Tim Suermondt: "Poetry Ought to Include Just About Everything" - An Interview About Poetic Craft
I met Tim Suermondt at the inaugural Sewanee Writers’ Conference in 1991. His humor, warmth and strength helped me to cope with the life-shaking experience of immersing myself among poets and writers for two weeks in the remote mountains of east Tennessee. He encouraged me greatly in my fledgling poetic efforts, and we corresponded for years by what is now known as “snail-mail,” and lately by the e variety.

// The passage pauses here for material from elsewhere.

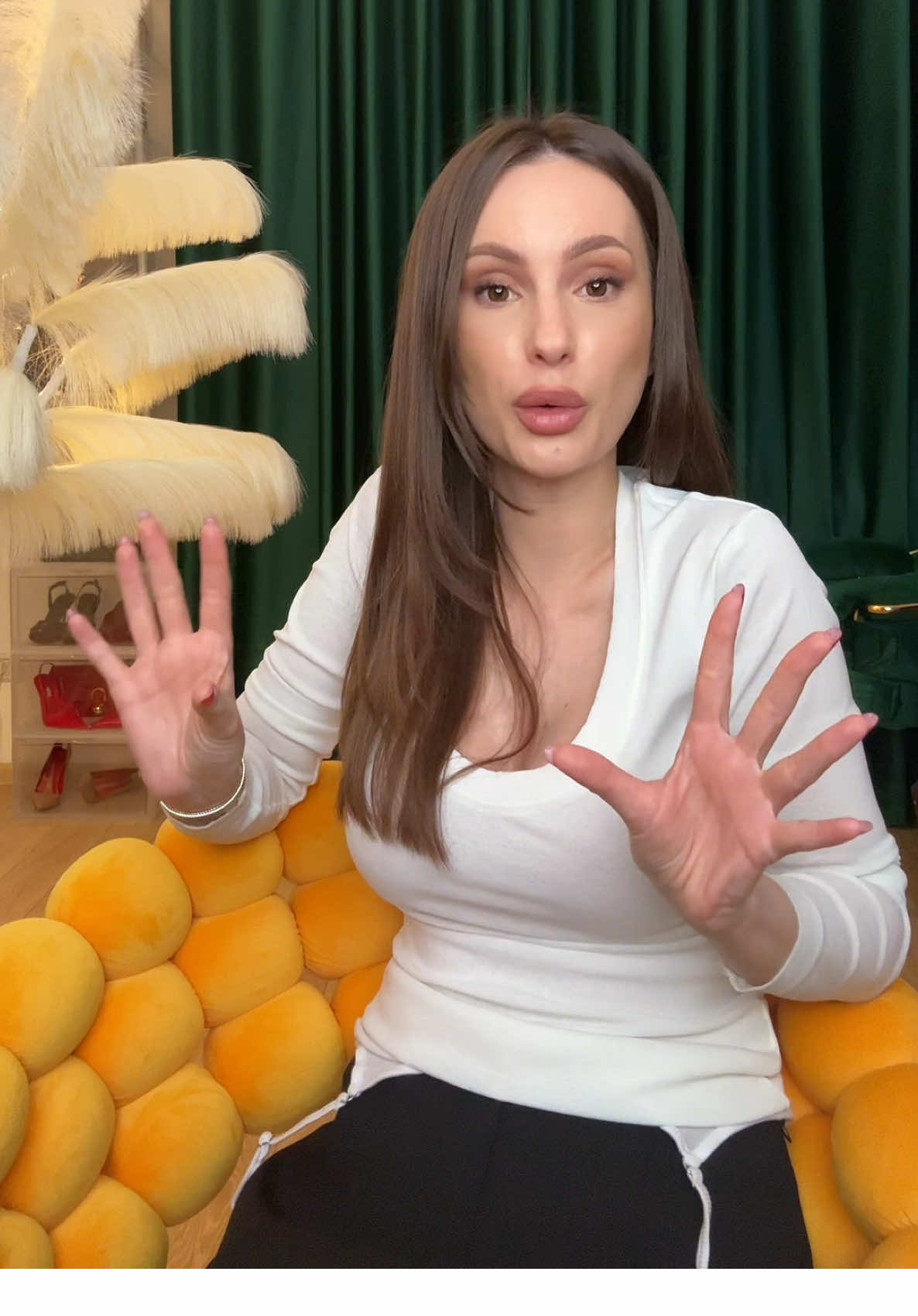 Luati popcorn ca iar am fost nevorbita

We also saw each other at a later Indiana Writers’ Conference, and we have frequently met on my trips to New York City, including an ill-fated journey in which I tried out for a job with The New York Times. A rabid Mets fan, he lives in Queens and is an expert user of the subways, often giving readings in New York. I am looking forward to meeting his lady friend, Pui Yin Wong, herself an outstanding poet.

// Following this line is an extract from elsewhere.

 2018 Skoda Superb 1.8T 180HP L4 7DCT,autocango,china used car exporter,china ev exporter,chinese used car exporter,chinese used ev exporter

One of my favorite early poems of Tim’s describes the funeral of a magician and how members of his guild pay homage to the deceased master. To me, Tim is a magician of language, conjuring mysterious, striking, beautiful poems from what appear to be simple words. I’m glad that he’s the first poet in this interview series.
– Louis Mayeux
Here are Tim’s autobiographical notes: “My first full-length book of poems “TRYING TO HELP THE ELEPHANT MAN DANCE” came out last August from Backwaters Press. I have two chapbooks and have been published in many magazines and online, including: Poetry, The Georgia Review, Poetry Northwest, Bellevue Literary Review, The Southern Poetry Review, Atlanta Review, River Styx, Barrow Street, Cortland Review, Painted Bride Quarterly, Poets & Writers online and Blackbird.

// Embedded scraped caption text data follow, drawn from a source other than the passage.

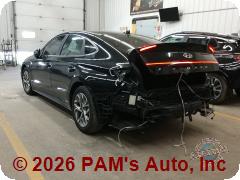 Vehicle photo 4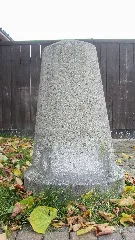 Altenzaun Preussischer Rundsockelstein 01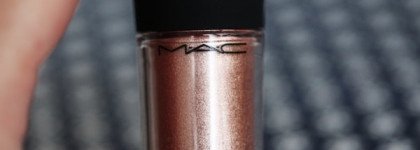 MAC Pigment Colour Powder в оттенке Tan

I’ve had poems in two anthologies that I’m particularly proud to be in: “Poetry After 9/11: An Anthology of New York Poets” ( Melville House Publications, 2002 ) and “Visiting Walt” ( a Whitman anthology, University of Iowa Press, 2003 ). I just ended a 17-year run as a partner at Stonebridge Associates, a headhunting firm for stockbrokers.
For those unfamiliar with Tim’s work, here’s his fine poem on Walt Whitman’s Civil War service. The poem was published in Poetry magazine.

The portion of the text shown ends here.